In step S11b, the linguistic feature estimation model learning part 11b learns the linguistic feature estimation model for estimating the paralinguistic information on the basis of only the linguistic features using the utterance with teacher labels stored in the utterance-with-teacher label storage 10a. The linguistic feature estimation model learning part 11b stores the learned linguistic feature estimation model in the linguistic feature estimation model storage 15b. The linguistic feature estimation model learning part 11b learns the linguistic feature estimation model as follows using the linguistic feature extracting part 111b and the model learning part 112b.
In step S111b, the linguistic feature extracting part 111b extracts the linguistic features from the utterance stored in the utterance-with-teacher label storage 10a. In extraction of the linguistic features, a word sequence acquired through a speech recognition technique or a phenome sequence acquired through a phenome recognition technique is utilized The linguistic features may be the word sequence or the phenome sequence expressed as a sequence vector, or may be a vector indicating the number of appearances of a specific word in the whole utterance. The linguistic feature extracting part 111b outputs the extracted linguistic features to the model learning part 112b.
In step S112b, the model learning part 112b learns the linguistic feature estimation model for estimating the paralinguistic information from the linguistic features on the basis of the linguistic features output by the linguistic feature extracting part 111b and the teacher labels stored in the utterance-with-teacher label storage 10a. The estimation model to be learned is similar to that learned by the model learning part 112a. The model learning part 112b stores the learned linguistic feature estimation model in the linguistic feature estimation model storage 15b.
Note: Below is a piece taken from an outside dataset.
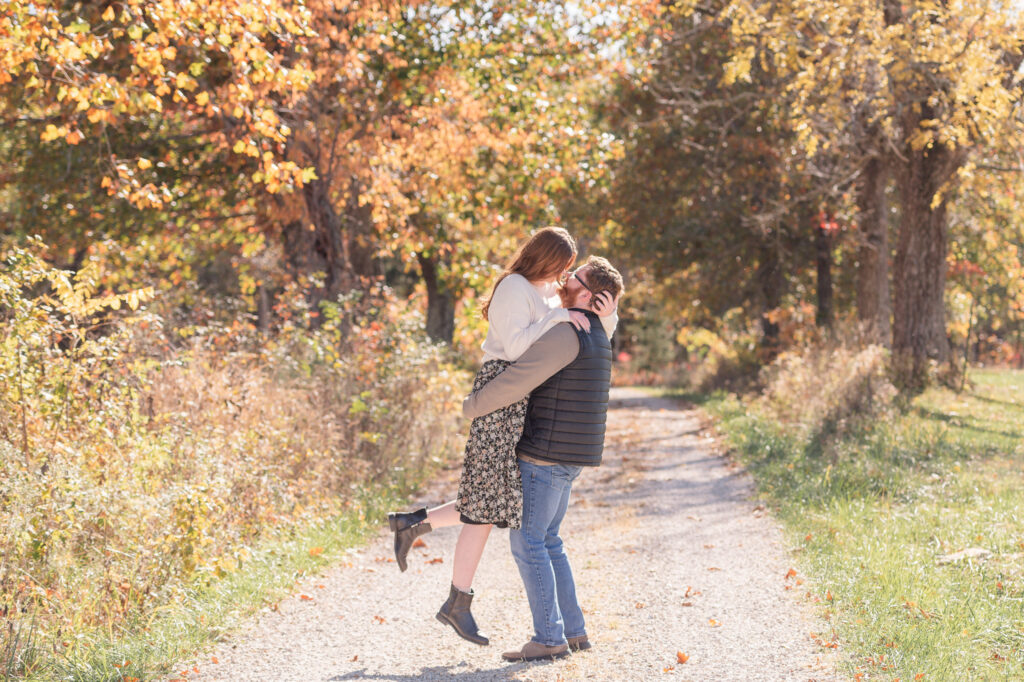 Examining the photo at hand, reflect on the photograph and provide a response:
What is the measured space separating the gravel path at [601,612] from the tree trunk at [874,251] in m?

In step S12a, the prosodic feature paralinguistic information estimating part 12a estimates the paralinguistic information based on only the prosodic features from the utterance with no teacher label stored in the utterance-with-no-teacher label storage 10b using the prosodic feature estimation model stored in the prosodic feature estimation model storage 15a. The prosodic feature paralinguistic information estimating part 12a outputs the estimation result of the paralinguistic information to the prosodic feature data selecting part 13a and the linguistic feature data selecting part 13b. The prosodic feature paralinguistic information estimating part 12a estimates the paralinguistic information as follows using the prosodic feature extracting part 121a and the paralinguistic information estimating part 122a.
In step S121a, the prosodic feature extracting part 121a extracts the prosodic features from the utterance stored in the utterance-with-no-teacher label storage 10b. An extraction method of the prosodic features is similar to that performed by the prosodic feature extracting part 111a. The prosodic feature extracting part 121a outputs the extracted prosodic features to the paralinguistic information estimating part 122a.
In step S122a, the paralinguistic information estimating part 122a inputs the prosodic features output by the prosodic feature extracting part 121a to the prosodic feature estimation model stored in the prosodic feature estimation model storage 15a to obtain confidence of the paralinguistic information based on the prosodic features. Here, as the confidence of the paralinguistic information, for example, in a case where a DNN is used as the estimation model, a posterior probability for each teacher label is used. Further, for example, in a case where SVM is used as the estimation model, a distance from an identification plane is used. The confidence indicates a “likelihood of the paralinguistic information”. For example, when a DNN is used as the estimation model, and a posterior probability of certain utterance is “interrogative: 0.8, declarative: 0.2”, interrogative confidence is 0.8, and declarative confidence is 0.2. The paralinguistic information estimating part 122a outputs the obtained confidence of the paralinguistic information based on the prosodic features to the prosodic feature data selecting part 13a and the linguistic feature data selecting part 13b.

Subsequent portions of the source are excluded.